## Your goal
Only those lines in the data below from the line containing "Papier Cadeau Père" through the line containing "Paarse zilveren Confetti", both included, should be restated word for word.
***** Records for the task *****
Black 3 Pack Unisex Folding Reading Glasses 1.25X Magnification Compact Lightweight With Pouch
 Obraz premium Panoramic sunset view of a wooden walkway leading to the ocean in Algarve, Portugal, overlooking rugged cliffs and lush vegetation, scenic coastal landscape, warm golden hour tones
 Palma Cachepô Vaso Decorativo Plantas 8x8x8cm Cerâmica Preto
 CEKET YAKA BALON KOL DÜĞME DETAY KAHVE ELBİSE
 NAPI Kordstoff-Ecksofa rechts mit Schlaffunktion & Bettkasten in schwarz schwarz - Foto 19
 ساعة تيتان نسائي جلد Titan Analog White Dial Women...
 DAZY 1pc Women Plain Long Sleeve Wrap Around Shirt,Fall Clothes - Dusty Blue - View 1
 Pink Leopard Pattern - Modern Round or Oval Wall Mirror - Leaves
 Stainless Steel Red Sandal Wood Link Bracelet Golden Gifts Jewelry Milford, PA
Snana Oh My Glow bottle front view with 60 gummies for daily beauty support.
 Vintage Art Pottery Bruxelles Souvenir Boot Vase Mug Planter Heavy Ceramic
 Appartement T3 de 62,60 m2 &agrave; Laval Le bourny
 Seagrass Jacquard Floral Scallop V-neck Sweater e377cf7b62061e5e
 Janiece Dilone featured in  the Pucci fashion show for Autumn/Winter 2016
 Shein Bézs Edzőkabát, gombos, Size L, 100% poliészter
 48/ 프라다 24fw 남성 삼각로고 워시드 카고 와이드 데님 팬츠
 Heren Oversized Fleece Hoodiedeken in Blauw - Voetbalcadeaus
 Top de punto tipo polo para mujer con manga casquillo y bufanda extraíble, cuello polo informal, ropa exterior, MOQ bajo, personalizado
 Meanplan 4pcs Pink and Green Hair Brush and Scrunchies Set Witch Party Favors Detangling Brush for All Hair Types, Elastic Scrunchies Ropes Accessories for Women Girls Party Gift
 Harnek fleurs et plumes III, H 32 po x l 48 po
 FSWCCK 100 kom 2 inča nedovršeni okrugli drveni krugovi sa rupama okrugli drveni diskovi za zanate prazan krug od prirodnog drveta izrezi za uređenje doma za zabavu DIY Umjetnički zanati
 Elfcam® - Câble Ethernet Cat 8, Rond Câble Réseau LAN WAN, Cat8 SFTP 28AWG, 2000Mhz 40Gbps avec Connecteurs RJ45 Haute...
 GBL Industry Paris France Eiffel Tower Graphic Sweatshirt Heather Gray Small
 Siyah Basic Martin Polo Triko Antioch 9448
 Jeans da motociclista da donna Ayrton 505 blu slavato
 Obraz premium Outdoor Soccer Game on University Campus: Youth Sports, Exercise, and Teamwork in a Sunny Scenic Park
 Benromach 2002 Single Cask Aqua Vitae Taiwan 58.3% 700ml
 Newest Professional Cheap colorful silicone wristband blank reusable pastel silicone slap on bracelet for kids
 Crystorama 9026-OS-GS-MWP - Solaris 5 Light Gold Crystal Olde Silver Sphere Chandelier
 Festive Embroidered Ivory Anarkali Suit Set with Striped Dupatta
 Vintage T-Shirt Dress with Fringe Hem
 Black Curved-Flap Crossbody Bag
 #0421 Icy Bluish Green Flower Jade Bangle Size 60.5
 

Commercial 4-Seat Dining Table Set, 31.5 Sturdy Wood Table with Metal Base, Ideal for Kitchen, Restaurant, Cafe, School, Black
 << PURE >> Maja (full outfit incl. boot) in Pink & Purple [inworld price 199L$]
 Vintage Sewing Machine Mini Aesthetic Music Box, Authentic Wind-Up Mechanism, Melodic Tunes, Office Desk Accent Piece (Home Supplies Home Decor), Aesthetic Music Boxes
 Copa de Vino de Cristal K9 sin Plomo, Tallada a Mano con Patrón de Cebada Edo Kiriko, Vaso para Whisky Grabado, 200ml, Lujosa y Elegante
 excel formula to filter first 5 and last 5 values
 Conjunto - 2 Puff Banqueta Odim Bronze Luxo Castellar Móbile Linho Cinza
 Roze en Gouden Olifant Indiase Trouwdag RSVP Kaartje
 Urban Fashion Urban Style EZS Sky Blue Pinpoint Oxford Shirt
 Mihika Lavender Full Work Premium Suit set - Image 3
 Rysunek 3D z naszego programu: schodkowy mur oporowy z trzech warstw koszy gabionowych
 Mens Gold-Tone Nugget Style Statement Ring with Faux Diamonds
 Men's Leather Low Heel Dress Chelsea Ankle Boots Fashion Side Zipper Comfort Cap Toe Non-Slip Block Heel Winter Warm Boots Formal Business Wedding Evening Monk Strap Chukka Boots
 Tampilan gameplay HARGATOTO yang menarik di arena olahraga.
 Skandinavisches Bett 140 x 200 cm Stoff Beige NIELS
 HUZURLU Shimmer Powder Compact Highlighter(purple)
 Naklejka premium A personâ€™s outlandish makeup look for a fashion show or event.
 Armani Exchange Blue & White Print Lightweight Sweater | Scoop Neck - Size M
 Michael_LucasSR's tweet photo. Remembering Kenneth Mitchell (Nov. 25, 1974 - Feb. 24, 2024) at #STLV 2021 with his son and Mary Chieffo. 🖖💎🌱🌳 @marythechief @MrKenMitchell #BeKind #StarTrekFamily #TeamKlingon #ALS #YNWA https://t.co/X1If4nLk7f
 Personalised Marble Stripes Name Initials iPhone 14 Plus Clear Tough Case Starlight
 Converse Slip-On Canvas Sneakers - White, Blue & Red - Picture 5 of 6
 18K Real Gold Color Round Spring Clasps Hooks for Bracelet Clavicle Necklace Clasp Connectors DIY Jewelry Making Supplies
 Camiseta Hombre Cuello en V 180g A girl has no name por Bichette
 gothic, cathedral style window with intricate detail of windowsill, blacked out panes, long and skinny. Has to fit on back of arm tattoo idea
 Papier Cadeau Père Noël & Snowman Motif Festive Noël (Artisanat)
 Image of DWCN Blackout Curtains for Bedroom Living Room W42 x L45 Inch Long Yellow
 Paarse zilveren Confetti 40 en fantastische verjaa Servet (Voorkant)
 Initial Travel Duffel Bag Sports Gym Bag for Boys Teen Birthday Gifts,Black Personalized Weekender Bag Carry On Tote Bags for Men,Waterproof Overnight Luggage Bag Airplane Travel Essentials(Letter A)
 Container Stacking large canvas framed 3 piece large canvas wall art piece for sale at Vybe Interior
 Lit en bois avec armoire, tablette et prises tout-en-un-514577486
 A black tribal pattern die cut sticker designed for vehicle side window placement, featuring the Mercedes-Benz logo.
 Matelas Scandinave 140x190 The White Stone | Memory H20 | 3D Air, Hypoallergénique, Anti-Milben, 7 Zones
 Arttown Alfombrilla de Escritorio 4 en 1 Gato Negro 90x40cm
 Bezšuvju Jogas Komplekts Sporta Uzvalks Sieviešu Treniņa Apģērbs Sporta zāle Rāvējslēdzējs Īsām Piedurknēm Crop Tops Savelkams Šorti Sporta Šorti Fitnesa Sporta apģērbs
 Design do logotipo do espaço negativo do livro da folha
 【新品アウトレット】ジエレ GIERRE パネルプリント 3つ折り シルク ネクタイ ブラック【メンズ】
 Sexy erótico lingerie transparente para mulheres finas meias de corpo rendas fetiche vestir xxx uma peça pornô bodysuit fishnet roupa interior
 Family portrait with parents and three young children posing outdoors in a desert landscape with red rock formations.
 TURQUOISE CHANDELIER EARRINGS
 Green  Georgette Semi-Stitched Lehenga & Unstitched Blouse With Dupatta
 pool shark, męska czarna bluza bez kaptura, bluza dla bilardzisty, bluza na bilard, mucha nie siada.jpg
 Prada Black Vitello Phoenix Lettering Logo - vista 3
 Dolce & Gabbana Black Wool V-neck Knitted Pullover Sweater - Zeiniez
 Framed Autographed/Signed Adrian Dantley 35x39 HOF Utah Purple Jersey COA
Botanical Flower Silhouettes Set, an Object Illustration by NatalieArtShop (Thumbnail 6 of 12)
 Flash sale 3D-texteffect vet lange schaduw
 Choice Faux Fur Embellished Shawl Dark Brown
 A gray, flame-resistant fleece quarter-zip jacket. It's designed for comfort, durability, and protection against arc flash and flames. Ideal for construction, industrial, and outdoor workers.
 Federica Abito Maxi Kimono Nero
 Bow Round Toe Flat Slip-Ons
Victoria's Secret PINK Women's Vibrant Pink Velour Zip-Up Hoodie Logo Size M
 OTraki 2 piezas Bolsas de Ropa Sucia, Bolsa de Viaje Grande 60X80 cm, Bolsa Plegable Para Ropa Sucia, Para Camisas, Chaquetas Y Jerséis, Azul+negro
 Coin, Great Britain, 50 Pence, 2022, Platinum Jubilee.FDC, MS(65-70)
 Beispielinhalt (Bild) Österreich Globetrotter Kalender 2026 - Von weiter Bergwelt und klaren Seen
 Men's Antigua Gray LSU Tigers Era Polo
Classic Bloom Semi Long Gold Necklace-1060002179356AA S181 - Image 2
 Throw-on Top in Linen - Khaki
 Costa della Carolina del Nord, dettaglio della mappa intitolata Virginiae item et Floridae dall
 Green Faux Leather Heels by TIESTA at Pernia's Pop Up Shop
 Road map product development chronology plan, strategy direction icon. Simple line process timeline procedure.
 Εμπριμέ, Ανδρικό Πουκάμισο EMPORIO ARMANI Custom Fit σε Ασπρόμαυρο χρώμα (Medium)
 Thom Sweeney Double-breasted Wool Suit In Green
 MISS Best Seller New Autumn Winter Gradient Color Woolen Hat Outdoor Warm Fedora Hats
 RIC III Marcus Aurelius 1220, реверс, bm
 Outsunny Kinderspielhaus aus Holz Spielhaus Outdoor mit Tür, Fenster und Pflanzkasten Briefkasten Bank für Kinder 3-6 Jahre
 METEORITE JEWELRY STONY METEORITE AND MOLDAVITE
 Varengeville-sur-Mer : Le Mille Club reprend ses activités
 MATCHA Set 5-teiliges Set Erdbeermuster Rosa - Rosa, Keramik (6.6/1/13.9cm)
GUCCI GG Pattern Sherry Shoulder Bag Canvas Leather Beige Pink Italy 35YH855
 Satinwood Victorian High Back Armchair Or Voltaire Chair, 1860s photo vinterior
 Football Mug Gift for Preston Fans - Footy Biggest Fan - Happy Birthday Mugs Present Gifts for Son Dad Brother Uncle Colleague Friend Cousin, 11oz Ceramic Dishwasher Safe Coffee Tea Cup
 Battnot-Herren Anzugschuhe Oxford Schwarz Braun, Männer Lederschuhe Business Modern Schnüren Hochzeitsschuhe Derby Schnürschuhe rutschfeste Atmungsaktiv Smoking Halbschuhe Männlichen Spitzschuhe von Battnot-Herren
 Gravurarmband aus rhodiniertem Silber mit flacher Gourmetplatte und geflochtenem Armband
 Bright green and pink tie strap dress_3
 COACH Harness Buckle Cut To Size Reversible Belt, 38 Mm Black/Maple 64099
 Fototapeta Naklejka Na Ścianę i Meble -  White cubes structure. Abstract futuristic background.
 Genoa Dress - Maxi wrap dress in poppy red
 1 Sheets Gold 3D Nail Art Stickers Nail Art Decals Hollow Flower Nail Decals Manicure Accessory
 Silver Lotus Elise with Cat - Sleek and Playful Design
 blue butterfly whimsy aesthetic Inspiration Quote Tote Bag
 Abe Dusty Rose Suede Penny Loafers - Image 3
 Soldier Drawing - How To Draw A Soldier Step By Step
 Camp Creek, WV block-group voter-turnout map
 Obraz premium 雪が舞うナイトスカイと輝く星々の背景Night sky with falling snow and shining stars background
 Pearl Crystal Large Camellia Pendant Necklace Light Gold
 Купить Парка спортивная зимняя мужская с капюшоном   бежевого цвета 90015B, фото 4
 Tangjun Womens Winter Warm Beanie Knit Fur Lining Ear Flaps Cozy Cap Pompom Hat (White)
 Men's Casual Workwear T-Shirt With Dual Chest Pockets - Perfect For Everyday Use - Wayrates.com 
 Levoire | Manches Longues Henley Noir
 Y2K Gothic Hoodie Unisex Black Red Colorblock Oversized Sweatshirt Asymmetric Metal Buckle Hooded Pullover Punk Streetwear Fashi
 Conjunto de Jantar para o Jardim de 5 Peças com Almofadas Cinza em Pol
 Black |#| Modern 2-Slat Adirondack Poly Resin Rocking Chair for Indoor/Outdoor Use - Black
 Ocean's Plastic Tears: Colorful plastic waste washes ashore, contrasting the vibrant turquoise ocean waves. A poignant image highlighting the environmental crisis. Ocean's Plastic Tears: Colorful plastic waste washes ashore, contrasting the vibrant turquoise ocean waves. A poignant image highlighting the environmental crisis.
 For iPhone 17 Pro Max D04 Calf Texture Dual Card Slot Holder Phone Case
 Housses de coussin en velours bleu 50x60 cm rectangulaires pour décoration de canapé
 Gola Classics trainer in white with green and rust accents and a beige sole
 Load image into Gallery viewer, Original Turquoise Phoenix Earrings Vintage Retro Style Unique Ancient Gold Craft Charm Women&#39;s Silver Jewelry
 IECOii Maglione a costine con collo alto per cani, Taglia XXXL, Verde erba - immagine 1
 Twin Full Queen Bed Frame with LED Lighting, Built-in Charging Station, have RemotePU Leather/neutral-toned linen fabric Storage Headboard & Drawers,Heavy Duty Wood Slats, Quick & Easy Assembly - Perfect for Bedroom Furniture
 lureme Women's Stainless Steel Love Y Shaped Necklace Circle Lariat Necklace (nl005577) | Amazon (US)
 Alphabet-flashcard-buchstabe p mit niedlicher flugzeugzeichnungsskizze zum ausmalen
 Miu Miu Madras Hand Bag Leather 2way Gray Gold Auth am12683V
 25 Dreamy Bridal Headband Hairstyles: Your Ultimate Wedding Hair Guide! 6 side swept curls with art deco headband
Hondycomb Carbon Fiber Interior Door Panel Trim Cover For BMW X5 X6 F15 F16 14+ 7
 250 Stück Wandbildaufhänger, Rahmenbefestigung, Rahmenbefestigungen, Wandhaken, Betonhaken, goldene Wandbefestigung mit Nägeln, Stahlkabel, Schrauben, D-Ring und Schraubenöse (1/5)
*****
## Exercise answer
 Papier Cadeau Père Noël & Snowman Motif Festive Noël (Artisanat)
 Image of DWCN Blackout Curtains for Bedroom Living Room W42 x L45 Inch Long Yellow
 Paarse zilveren Confetti 40 en fantastische verjaa Servet (Voorkant)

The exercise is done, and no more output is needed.